About this task
Starting at the line that holds "mryu09's tweet photo. @1", quote every line through the end of the records, both boundary lines included. Omit the pictures.

Short web captions
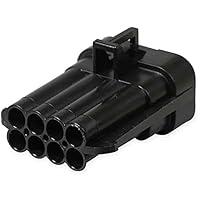 Algopix Similar Product 13 - Holley EFI Metripack, 8 Pin, Male, Black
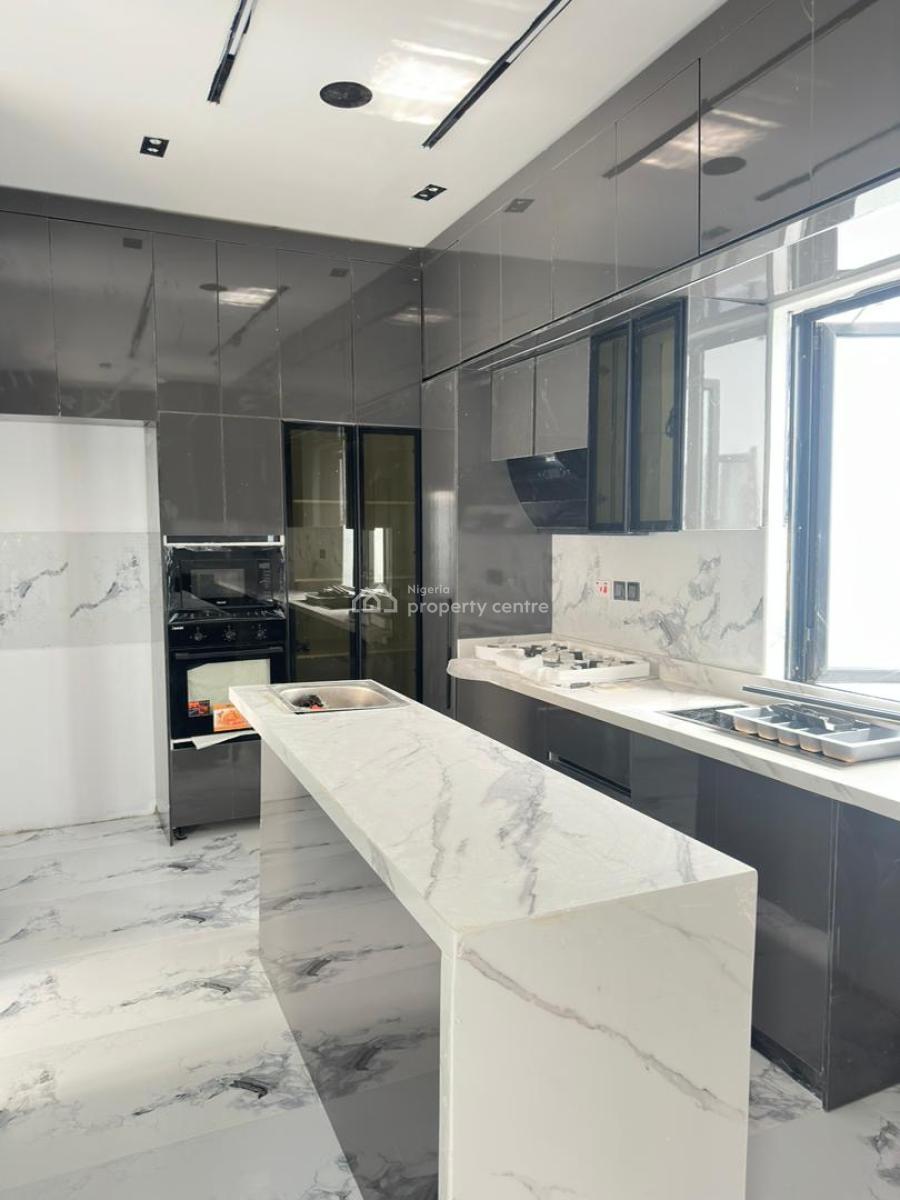 Spacious Luxury 5 Bedroom Detached Duplex with a Swimming Pool, Ikota, Lekki, Lagos, Detached Duplex for Sale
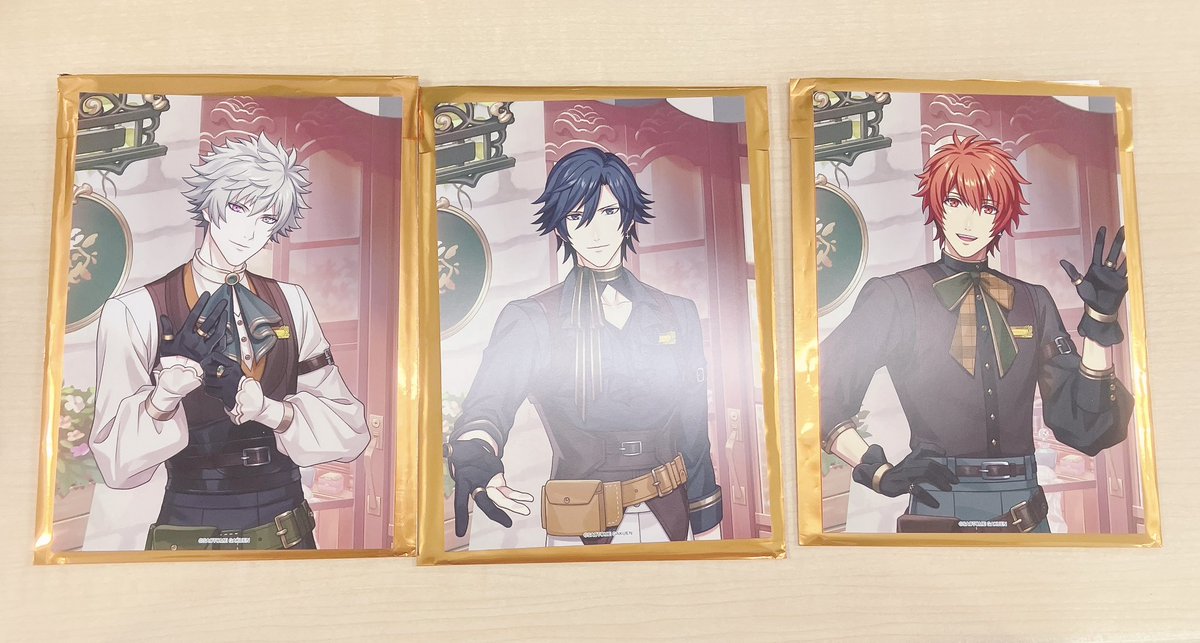 mryu09's tweet photo. @1
【交換】うたプリ グラショ

譲
マステ浴衣:真斗、藍、蘭丸
ポトレ:音也、トキヤ、蘭丸
特典浴衣:セシル、蘭丸、藍

求
マステ浴衣:レン、嶺二
ポトレ:レン、翔、嶺二
特典浴衣:翔、レン

本日池袋にて手渡し希望
検索からもお気軽にお声がけください https://t.co/b1RHNokyQJ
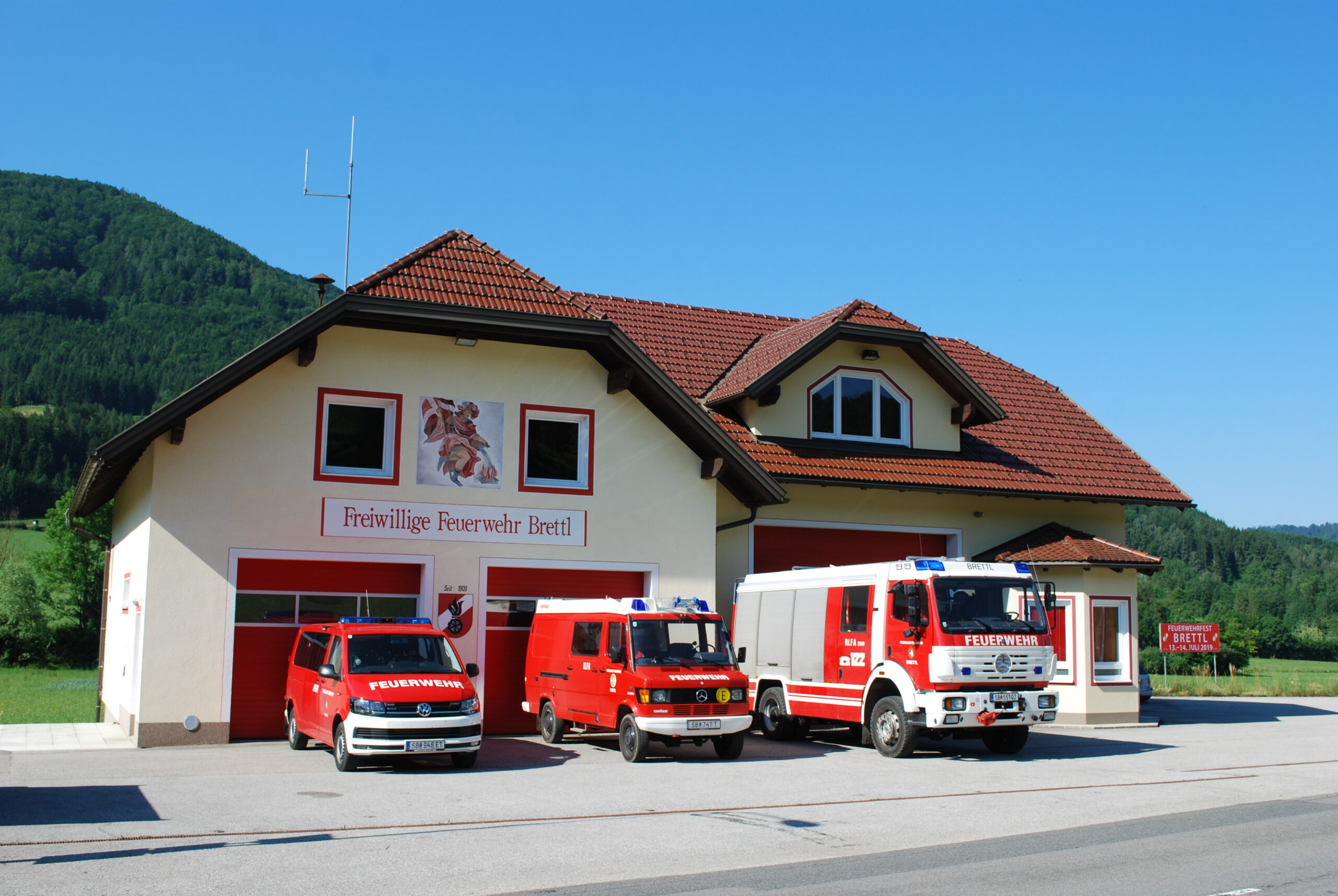 Freiwillige Feuerwehr Brettl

Exercise output
 mryu09's tweet photo. @1
【交換】うたプリ グラショ

譲
マステ浴衣:真斗、藍、蘭丸
ポトレ:音也、トキヤ、蘭丸
特典浴衣:セシル、蘭丸、藍

求
マステ浴衣:レン、嶺二
ポトレ:レン、翔、嶺二
特典浴衣:翔、レン

本日池袋にて手渡し希望
検索からもお気軽にお声がけください https://t.co/b1RHNokyQJ
 Freiwillige Feuerwehr Brettl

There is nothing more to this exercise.